Dhawalappa and I catch up on the last visit. He sees the pictures again. He remembered our visit well including our homemade lunch even before seeing that particular phots. In the photos was Dhawalappa's colleague Narasimhalu. Apparently after a work related misunderstanding with the farm owner Narasimhalu quit the job and relocated to another place. Dhawalappa left us and asked us to look around the place leisurely.

We spent a few more minutes looking around. Deepak liked this place's ambiance. Left alone he might've spent the entire day here. However, we had to return to the lodge, we had overshot the checkout time.

We head back to the road, took Dhawalappa's home address, promised him to send his pictures and bid farewell.

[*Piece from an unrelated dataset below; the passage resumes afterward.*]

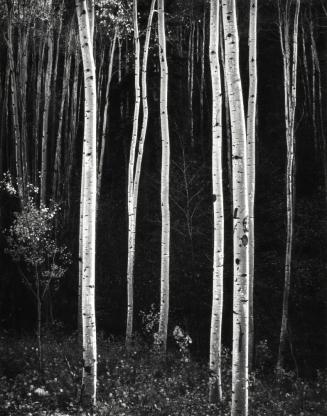 Aspen Trees, Autumn, New Mexico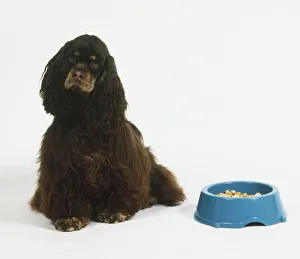 American Cocker Spaniel Dog sitting next to bowl American Cocker Spaniel Dog sitting next to bowl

We check out and head straight to Ashok Lodge & Restaurant, Kamalapur. Normally I do not eat much before a journey but today's going to be an exception. I wanted to taste Savaji food. The restaurant owner had had me hooked after saying that they cook fresh fish from the dam. Yes, it was the best fish fry and fish curry I'd had in the past decade. Later I'd mentioned to my friends that besides historical monuments and natural beauty at Hampi, there's another attraction. Yes, fish dishes at Ashok Restaurant.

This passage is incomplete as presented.